Rule 8.3 of the Rules of Professional Conduct. If you are
personally asked to do anything unethical in connection with the
trust account, you must decline and report that behavior to the
Statewide Grievance Committee.
18. I suspect that a partner
is stealing funds from the trust account, what should I do? Can I
make an anonymous complaint to the Statewide Grievance Committee?
You cannot make an anonymous complaint. If you are a partner in
the firm, then perform an audit of the books either yourself or hire
an independent accountant to review the books. If you are an
associate, you can raise your concern to another partner. If you can
substantiate your suspicions, then you should file a grievance
complaint containing as much documentary evidence as possible. If
you are uncomfortable with filing a grievance complaint, you can
contact the Statewide Bar Counsel’s Office in writing and provide
them with the information.
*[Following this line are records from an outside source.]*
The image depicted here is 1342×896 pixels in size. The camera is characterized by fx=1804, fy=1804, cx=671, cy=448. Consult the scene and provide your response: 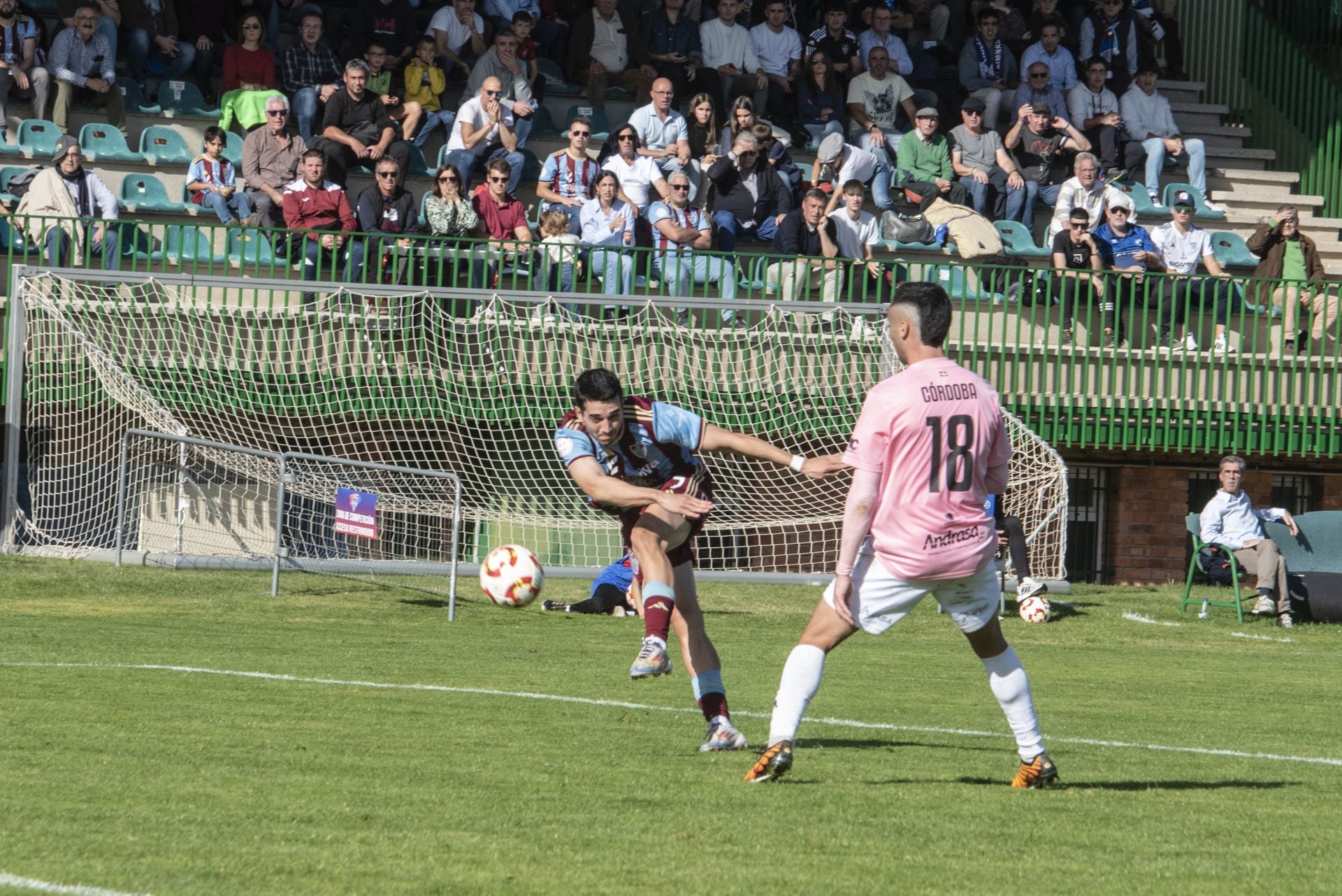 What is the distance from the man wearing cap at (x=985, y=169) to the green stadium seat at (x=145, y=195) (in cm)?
965

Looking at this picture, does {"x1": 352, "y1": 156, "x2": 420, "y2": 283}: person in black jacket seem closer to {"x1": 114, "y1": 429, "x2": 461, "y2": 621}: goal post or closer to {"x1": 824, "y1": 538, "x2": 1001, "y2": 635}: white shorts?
{"x1": 114, "y1": 429, "x2": 461, "y2": 621}: goal post

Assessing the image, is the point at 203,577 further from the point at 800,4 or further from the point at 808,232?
the point at 800,4

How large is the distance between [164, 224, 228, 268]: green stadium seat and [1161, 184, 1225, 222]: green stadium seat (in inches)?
491

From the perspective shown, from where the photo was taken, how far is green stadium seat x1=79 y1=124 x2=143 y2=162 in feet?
67.6

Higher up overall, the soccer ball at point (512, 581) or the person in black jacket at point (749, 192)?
the person in black jacket at point (749, 192)

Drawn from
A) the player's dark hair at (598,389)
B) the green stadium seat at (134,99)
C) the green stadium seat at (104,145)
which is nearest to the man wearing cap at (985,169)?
the green stadium seat at (134,99)

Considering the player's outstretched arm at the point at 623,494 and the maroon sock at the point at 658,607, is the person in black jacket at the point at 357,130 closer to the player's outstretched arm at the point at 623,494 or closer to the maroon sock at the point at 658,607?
the player's outstretched arm at the point at 623,494

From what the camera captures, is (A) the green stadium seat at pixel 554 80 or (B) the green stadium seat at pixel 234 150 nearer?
(B) the green stadium seat at pixel 234 150

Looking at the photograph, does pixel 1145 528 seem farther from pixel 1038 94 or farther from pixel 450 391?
pixel 450 391

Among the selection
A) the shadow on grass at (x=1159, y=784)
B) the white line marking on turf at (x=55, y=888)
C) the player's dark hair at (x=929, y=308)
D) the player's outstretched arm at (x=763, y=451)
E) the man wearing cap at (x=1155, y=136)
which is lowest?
the shadow on grass at (x=1159, y=784)

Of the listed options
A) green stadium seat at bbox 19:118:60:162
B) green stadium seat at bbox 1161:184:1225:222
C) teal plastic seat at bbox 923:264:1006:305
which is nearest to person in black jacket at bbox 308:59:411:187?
green stadium seat at bbox 19:118:60:162

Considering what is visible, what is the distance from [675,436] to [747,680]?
143 inches

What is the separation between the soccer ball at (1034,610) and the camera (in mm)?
16906

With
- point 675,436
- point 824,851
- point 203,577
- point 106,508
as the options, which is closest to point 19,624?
point 203,577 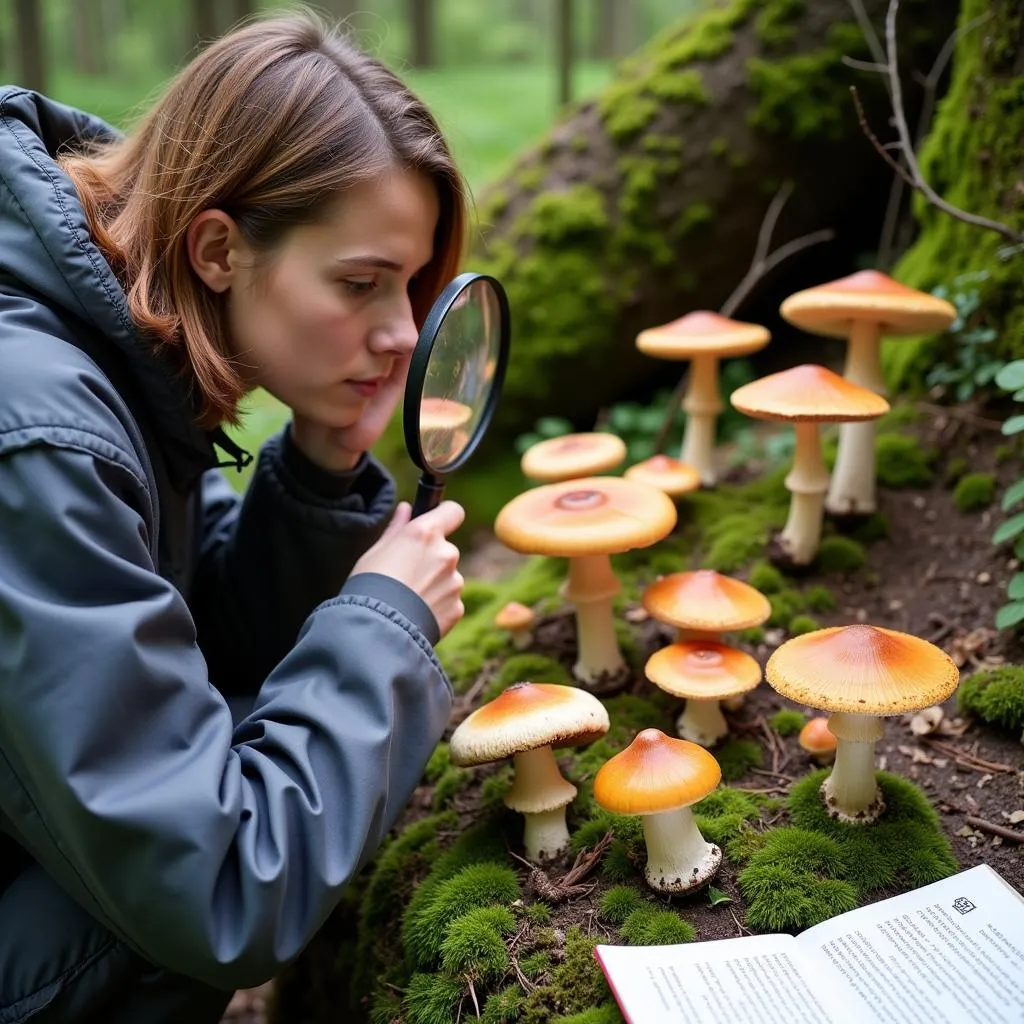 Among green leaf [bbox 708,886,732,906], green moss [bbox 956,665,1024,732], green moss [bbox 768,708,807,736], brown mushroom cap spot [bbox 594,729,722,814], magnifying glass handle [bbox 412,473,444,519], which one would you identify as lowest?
green moss [bbox 768,708,807,736]

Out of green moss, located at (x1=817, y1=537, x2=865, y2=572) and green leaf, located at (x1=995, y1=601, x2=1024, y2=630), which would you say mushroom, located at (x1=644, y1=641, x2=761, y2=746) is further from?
green moss, located at (x1=817, y1=537, x2=865, y2=572)

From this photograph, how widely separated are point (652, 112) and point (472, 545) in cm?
274

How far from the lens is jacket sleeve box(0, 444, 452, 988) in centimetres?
159

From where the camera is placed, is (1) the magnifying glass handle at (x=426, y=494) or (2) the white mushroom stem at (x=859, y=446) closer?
(1) the magnifying glass handle at (x=426, y=494)

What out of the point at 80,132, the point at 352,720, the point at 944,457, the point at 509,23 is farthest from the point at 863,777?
the point at 509,23

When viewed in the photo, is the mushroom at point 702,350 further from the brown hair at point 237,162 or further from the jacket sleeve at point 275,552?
the brown hair at point 237,162

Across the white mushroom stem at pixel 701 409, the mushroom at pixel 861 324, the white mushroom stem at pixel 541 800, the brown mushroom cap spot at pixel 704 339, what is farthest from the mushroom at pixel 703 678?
the white mushroom stem at pixel 701 409

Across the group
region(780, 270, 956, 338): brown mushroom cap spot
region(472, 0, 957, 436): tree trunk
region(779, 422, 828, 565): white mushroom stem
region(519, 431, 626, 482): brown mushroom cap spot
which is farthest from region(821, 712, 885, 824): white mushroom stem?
region(472, 0, 957, 436): tree trunk

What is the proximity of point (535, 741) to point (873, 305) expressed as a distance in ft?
6.39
The Statewide Bar Counsel’s Office can
request that a local grievance panel investigate the Respondent and
file a grievance complaint, if warranted.
19. Is it
appropriate to use the trust account for an attorney’s personal
expenses if the account does not hold clients’ funds?
It is
never appropriate to use the trust account for an attorney’s
personal use. It is inappropriate to hold more than an amount
sufficient for paying reasonable fees and expenses to maintain the
trust account.
Rule 1.15(c) of the Rules of Professional Conduct. Using a trust
account as a depository for the attorney’s personal funds is a
violation of the Rules of Professional Conduct and may be a
violation of other rules, statutes or criminal laws.